The Holy Spirit, our Comforter, helps us to keep these sacred gifts of Peace, Hope, Joy, and Love in our Soul and to use them appropriately and abundantly.
As with any gifts received, a thankful and appreciative heart brings us closer to the gift-giver.
Our God, the giver of gifts.
Though we find out soon enough that every gift does not come our way. Everyone cannot be a scientist, musician, artist, or a singer. From as long as I can remember, I wanted to be able to sing. At the Little Red Schoolhouse as a four year old, I already knew my voice was not as good as the others. My new best friend, Anna, had just arrived from Germany and my teacher, Mrs. Cook, asked me to be her buddy. She spoke no English but that makes no difference with children. Mom would drive us back and forth to pre-school and I’d teach my friend everything I knew. One thing that Anna excelled at was singing. I still can hear her beautiful rendition of Silent Night in German for the Christmas concert.
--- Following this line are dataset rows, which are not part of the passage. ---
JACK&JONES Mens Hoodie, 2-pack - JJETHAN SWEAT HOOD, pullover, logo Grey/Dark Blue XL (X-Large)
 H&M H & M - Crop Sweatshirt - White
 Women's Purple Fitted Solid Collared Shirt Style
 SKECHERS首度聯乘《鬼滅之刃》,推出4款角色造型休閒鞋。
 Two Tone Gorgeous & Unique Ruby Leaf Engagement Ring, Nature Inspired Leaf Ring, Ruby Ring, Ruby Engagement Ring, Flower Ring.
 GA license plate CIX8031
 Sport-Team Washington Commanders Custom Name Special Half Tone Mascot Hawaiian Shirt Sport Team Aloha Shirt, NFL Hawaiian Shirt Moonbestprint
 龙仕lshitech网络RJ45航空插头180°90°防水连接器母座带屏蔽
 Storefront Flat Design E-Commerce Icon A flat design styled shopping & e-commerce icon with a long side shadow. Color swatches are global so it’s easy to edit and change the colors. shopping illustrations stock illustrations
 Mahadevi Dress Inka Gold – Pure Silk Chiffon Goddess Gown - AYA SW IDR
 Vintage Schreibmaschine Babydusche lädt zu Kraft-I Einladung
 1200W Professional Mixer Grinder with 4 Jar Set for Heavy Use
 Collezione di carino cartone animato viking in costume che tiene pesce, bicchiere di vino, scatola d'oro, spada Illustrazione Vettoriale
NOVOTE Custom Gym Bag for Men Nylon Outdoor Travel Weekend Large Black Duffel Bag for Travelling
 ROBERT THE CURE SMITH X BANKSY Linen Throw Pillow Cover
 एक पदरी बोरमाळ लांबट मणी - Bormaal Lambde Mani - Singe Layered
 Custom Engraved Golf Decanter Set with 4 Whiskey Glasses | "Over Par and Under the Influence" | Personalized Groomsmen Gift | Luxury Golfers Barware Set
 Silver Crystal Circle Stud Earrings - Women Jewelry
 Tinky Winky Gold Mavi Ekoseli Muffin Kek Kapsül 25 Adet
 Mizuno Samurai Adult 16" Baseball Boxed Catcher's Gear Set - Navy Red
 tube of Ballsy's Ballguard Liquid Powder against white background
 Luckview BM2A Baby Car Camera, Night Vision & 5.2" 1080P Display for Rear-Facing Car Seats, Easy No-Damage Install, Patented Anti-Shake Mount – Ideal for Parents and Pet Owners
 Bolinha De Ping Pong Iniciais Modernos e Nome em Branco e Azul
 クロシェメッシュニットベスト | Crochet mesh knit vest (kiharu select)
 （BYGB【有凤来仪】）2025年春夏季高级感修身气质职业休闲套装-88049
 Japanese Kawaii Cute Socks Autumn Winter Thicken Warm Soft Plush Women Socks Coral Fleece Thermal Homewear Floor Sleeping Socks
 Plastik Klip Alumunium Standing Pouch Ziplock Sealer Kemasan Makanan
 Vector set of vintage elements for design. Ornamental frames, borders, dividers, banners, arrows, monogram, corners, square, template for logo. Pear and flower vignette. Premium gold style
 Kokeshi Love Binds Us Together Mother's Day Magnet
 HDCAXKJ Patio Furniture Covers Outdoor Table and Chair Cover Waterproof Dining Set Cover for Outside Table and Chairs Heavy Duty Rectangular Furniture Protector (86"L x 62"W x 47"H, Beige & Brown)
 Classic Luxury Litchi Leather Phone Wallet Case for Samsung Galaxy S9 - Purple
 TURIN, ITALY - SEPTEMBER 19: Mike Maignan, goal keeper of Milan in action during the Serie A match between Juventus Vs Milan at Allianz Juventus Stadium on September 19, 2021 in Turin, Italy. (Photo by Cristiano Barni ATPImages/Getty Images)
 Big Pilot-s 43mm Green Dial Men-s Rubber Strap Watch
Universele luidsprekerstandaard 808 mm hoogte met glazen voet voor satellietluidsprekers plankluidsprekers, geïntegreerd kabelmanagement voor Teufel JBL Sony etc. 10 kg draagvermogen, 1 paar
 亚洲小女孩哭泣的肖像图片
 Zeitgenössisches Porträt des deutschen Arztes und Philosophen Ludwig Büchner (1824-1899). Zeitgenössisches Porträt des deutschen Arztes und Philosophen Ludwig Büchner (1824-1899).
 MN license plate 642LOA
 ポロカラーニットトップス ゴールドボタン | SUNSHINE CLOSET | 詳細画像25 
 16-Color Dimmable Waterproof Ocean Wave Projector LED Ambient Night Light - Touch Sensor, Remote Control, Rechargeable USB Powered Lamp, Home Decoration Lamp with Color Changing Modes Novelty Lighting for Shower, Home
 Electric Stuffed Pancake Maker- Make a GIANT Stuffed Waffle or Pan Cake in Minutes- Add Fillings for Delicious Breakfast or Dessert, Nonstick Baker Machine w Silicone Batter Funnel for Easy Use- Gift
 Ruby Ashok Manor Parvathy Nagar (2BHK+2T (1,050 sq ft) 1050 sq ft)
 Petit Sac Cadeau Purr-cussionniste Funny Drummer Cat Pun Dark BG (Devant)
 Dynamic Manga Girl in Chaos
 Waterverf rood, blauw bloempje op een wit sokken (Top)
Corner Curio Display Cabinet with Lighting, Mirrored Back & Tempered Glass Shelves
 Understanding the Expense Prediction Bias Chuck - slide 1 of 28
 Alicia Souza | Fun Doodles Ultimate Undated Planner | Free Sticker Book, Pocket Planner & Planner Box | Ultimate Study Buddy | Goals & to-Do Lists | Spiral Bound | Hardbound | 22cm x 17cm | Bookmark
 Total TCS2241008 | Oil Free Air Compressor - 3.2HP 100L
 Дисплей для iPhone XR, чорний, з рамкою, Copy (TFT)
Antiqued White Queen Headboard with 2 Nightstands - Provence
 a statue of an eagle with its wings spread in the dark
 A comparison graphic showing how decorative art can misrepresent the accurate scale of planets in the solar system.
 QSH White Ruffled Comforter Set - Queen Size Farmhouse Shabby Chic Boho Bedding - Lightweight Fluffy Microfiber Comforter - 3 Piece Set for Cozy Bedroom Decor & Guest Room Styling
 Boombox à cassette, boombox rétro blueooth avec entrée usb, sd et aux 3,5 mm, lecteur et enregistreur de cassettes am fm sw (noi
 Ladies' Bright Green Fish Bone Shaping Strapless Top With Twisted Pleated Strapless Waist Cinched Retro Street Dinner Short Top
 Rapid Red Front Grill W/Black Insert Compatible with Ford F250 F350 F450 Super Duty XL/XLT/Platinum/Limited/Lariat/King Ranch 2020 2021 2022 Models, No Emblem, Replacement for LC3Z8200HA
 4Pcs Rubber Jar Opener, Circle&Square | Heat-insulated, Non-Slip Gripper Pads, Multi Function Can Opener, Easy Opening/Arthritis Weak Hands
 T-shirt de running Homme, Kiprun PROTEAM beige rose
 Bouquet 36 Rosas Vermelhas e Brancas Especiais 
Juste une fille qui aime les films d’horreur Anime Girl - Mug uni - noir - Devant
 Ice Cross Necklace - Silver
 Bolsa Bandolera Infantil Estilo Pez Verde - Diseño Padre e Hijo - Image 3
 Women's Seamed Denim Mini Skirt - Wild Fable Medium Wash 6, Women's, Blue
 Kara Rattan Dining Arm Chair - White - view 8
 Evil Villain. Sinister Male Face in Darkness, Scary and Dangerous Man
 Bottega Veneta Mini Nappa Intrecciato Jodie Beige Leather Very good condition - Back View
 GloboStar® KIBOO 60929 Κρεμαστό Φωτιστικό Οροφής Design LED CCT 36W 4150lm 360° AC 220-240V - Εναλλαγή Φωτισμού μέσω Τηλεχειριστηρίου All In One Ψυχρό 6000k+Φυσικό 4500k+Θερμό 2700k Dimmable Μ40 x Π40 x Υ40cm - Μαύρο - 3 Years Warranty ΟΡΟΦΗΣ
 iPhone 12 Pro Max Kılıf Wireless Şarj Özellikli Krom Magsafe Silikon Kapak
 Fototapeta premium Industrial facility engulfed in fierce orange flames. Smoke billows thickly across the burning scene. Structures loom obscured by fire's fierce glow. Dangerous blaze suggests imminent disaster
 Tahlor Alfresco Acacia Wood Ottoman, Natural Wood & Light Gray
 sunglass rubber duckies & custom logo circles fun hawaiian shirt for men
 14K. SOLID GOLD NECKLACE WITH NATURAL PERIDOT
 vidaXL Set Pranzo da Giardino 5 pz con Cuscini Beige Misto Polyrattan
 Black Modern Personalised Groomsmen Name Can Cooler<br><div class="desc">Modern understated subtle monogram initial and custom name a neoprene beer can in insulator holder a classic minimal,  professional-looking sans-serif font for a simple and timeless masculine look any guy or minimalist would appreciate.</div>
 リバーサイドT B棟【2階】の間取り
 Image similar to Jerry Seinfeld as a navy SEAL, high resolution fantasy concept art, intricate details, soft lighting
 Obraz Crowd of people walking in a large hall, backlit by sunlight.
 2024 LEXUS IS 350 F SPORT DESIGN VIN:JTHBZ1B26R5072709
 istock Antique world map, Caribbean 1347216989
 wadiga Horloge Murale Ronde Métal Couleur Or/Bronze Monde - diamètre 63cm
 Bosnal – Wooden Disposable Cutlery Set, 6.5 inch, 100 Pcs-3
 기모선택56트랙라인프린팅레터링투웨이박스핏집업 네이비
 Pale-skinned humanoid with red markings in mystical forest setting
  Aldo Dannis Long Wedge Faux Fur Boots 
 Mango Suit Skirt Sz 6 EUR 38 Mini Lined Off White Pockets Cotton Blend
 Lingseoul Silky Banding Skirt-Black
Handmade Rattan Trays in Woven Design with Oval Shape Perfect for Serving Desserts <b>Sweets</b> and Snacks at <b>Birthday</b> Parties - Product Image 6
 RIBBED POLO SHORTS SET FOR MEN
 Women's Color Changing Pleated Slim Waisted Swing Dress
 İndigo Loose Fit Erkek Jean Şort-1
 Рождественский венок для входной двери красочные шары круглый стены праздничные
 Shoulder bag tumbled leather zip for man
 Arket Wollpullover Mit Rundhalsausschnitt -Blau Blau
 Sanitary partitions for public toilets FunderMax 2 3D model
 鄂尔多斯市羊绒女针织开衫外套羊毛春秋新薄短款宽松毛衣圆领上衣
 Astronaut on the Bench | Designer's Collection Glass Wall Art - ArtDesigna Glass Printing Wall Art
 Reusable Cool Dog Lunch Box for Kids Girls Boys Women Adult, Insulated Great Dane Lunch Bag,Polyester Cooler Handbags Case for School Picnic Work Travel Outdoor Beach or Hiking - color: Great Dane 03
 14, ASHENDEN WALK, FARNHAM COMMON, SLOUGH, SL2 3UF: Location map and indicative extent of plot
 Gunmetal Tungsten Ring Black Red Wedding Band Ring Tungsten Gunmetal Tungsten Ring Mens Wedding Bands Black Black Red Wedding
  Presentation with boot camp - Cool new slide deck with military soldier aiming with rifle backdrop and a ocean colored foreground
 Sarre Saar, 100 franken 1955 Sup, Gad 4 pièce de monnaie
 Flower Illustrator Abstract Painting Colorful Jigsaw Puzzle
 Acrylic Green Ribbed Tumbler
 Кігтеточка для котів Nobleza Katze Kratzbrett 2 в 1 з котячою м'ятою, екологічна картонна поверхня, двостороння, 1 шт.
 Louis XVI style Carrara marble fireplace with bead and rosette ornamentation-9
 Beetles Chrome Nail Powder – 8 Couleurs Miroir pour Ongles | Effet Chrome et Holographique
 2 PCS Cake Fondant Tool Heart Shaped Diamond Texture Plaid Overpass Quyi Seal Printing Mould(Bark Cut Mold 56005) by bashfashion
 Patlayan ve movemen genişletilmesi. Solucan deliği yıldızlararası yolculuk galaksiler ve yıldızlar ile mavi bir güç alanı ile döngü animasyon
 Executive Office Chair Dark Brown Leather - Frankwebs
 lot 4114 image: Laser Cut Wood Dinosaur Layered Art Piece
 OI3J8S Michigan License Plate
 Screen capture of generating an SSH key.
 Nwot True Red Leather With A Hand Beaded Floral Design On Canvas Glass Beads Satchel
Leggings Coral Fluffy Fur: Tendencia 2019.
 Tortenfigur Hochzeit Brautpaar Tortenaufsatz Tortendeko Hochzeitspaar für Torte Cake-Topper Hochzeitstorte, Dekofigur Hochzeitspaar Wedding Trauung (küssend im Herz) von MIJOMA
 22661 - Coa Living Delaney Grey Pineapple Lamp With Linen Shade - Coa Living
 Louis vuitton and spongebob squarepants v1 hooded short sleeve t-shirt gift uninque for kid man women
As the years past I was wise enough never to join any singing group or choir. I knew how I sounded. But, I really wanted to. So much that I could taste it. However, I always encouraged others to join. This Fall, my husband started encouraging me. Our son who joined the choir with his dad, had a conflict on practice night. Should I join? Could I join? What about my legendary ‘less than stellar’ voice? “You’ll blend in”, my sweet husband said. The first night of practice, I was scared, like a shy teen scared. Because what if…my voice cracks or worse, I cannot carry a tune. I hoped for the best and right away found the joy of singing I’d always dreamt of having (“I know, I’m a simple person!”). As the Fall concert approached Peace, that elusive element, invaded my soul. I loved everything about the ‘choir experience’!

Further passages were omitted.